Data Compression Considering Text Files
Authors: Sailunaz K., Alam Kotwal M., Nurul Huda M.
Source: International Journal of Computer Applications (0975 – 8887) Volume 90 – No 11, March 2014
Abstract
Lossless text data compression is an important field as it significantly reduces storage requirement and communication cost. In this work, the focus is directed mainly to different file compression coding techniques and comparisons between them. Some memory efficient encoding schemes are analyzed and implemented in this work. They are: Shannon Fano Coding, Huffman Coding, Repeated Huffman Coding and Run-Length coding. A new algorithm “Modified Run-Length Coding” is also proposed and compared with the other algorithms. These analyses show how these coding techniques work, how much compression is possible for these coding techniques, the amount of memory needed for each technique, comparison between these techniques to find out which technique is better in what conditions. It is observed from the experiments that the repeated Huffman Coding shows higher compression ratio. Besides, the proposed Modified run length coding shows a higher performance than the conventional one.
General Terms: Information Theory, Algorithms.
Keywords: Data compression, Lossless compression, Encoding, Compression Ratio, Code length, Standard deviation.
1. INTRODUCTION
In computer science and information theory, text compression is the process of encoding texts using fewer bits or symbols than an original representation, by using specific encoding techniques. Text data compression is useful because it helps to reduce the consumption of expensive resources, such as hard disk space or transmission bandwidth. But the problem is that the decompression must be needed for further utilization and this extra processing may be unfavorable to some applications. The objectives of this work are efficient representation and implementation of some text data compression algorithm, proposing a new compression method named “Modified Run-Length Coding”, computation of some important compression factors for each of these algorithms, comparison between different encoding techniques, and improvement of performance of different data compression techniques and selecting a suitable encoding technique for real life system.
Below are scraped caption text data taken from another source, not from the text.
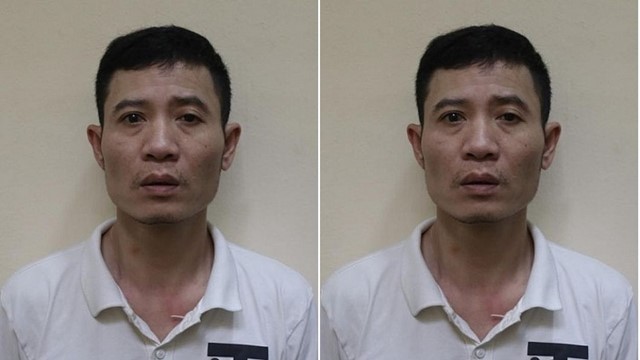 Từ nghi vấn người đàn ông tại khu vực số 10 phố Chùa Bộc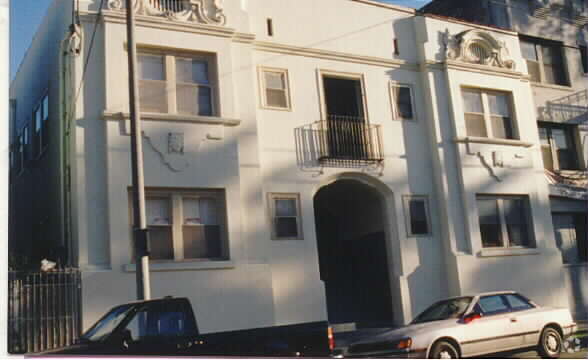 Primary Photo - 1414 S Bonnie Brae St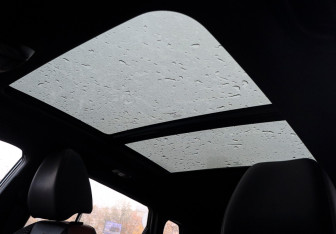 Подержанный автомобиль Belgee X50 2023 года (11 фото)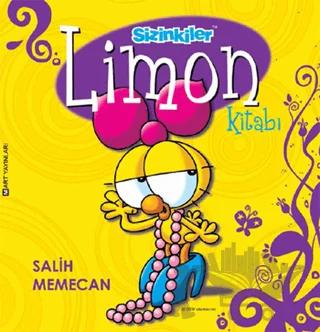 Sizinkiler - Limon Kitabı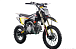 Питбайк FullCrew Teen Rider 125cc 17\14 (механ., эл.стартер) в Комсомольске-на-Амуре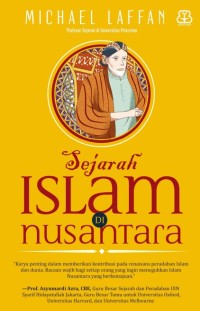 Image of Sejarah Islam Di Nusantara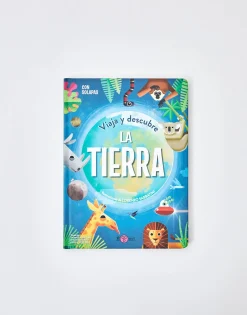 Natura Selection Viaja Y Descubre La Tierra Online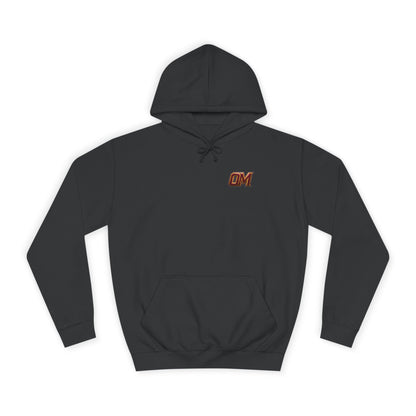 Owen Moreland Lowkey Premium Hoodie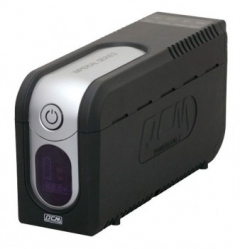 Источник бесперебойного питания Powercom PTM-500AP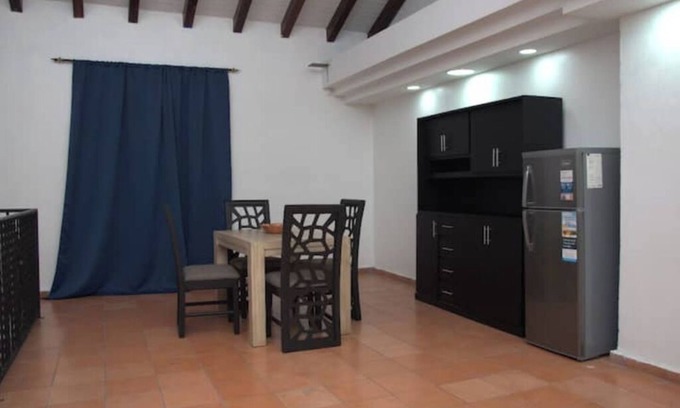 Santa Rosa Copan Appartement | Limpio, sin Ruidos Descanso Total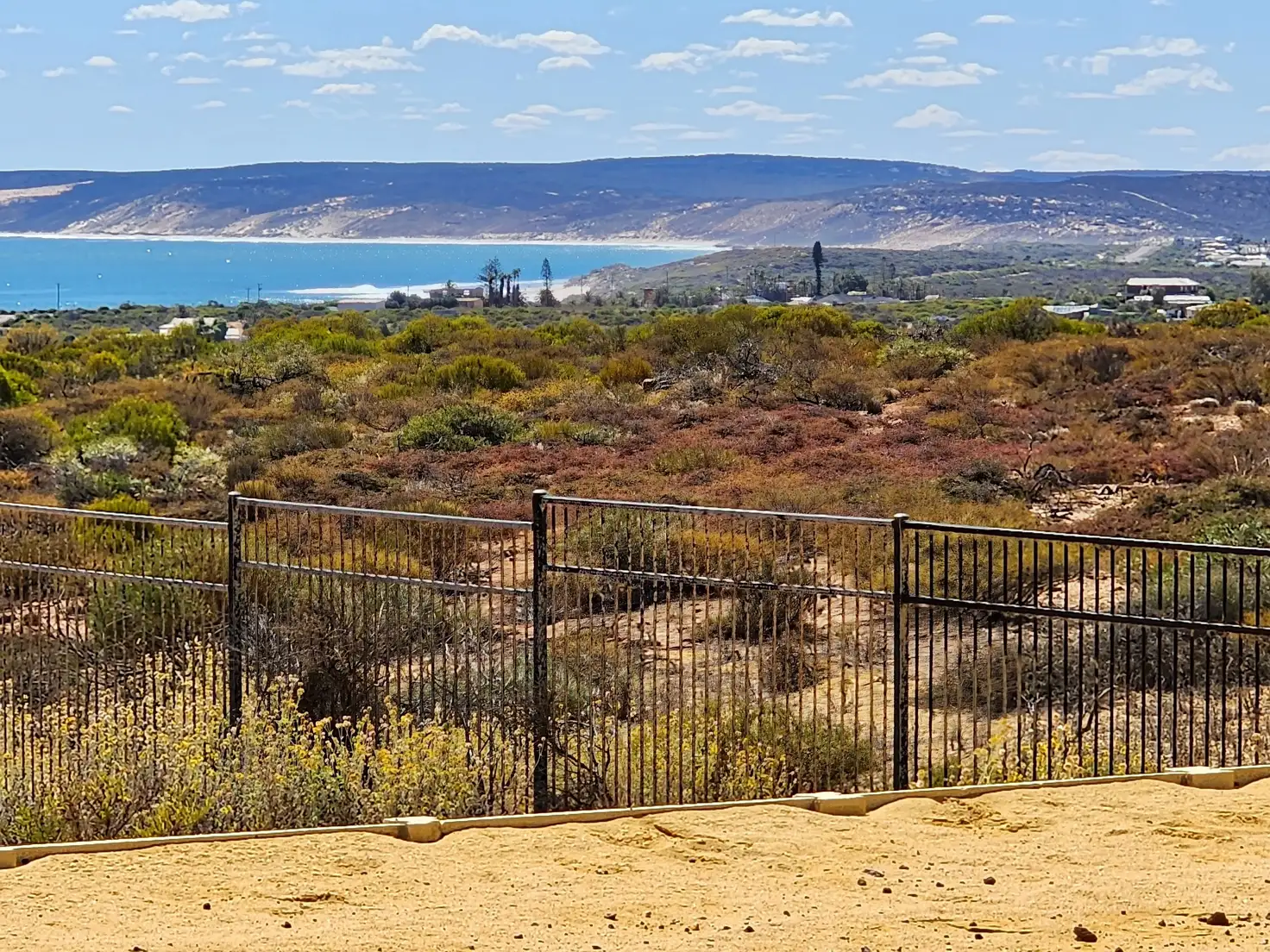 Main view of Homely land listing, LOT 85, 45 Darwinia Drive, Kalbarri WA 6536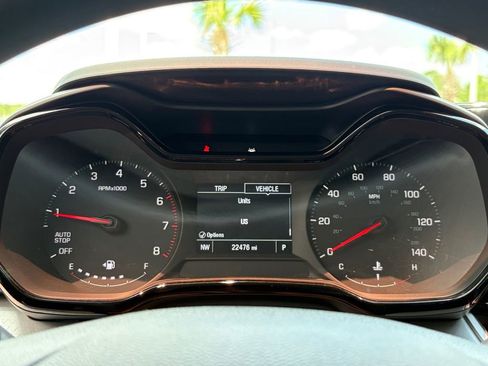 Used 2024 Chevrolet Trax LS w/ Driver Confidence Package FWD image 13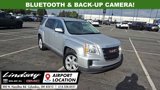 Used 2017 GMC Terrain SLE image 2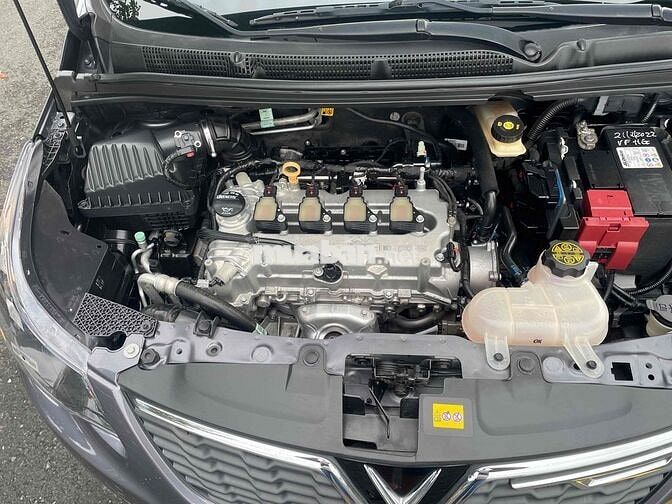 VinFast Fadil 2019 1.4 AT Plus - 59000 km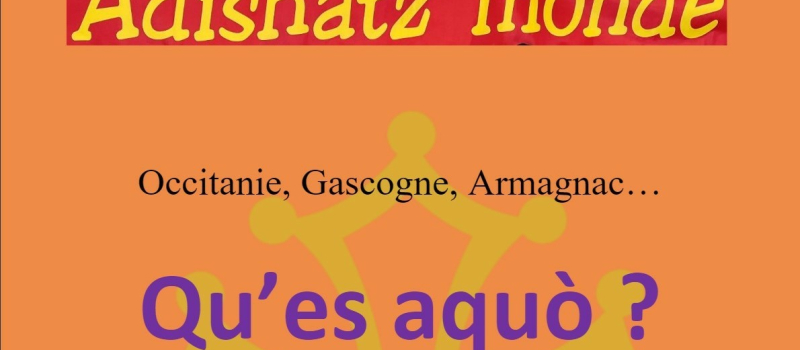 Gascon a Eusa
This paper is organized as follows: Section 2 discusses the related works for data compression. Section 3 explains the different algorithms of data compression techniques. Section 3 also analyzes the experimental results with proper reasons. Section 4 concludes the paper with some future remarks.
2. RELATED WORKS
In 1949, C. Shannon and R. Fano devised a systematic way to assign code words based on probabilities of blocks called the Shannon Fano Coding. An optimal method for this was found by D. Huffman in 1951 which is known as the Huffman Algorithm [1]. Huffman Algorithm is being used for compression since then.
A research in [7] showed that text data compression using Shannon Fano algorithm has a same effectiveness with Huffman algorithm when all character in string are repeated and when the statement is short and just one character in the statement is repeated, but the Shannon Fano algorithm is more effective than Huffman algorithm when the data has a long statement and data text have more combination character in statement or in string or word. A variety of data compression methods spanning almost forty years of research, from the work of Shannon, Fano and Huffman in the late 40’s to a technique developed in 1986 was surveyed in [10]. The compression ratio, compression time and decompression time for the Run Length Encoding (RLE) Algorithm, Huffman Encoding Algorithm, Shannon Fano Algorithm, Adaptive Huffman Encoding Algorithm, Arithmetic Encoding Algorithm and Lempel Zev Welch (LZW) Algorithm using random text files were compared in [2]. It showed that, the compression time increased as file size increased. For Run Length encoding it was a constant value and not affected by the file size. Compression times were average values for two Static Huffman approaches, and times of Shannon Fano approach were smaller than the other algorithm. The LZW Algorithm worked well for only small files. Compression times of Adaptive Huffman algorithm were the highest. Decompression times of all the algorithms were less than 500000 milliseconds except the Adaptive Huffman Algorithm and LZW. The compression ratio were similar except the Run Length coding and for small sized files, LZW gave the best results.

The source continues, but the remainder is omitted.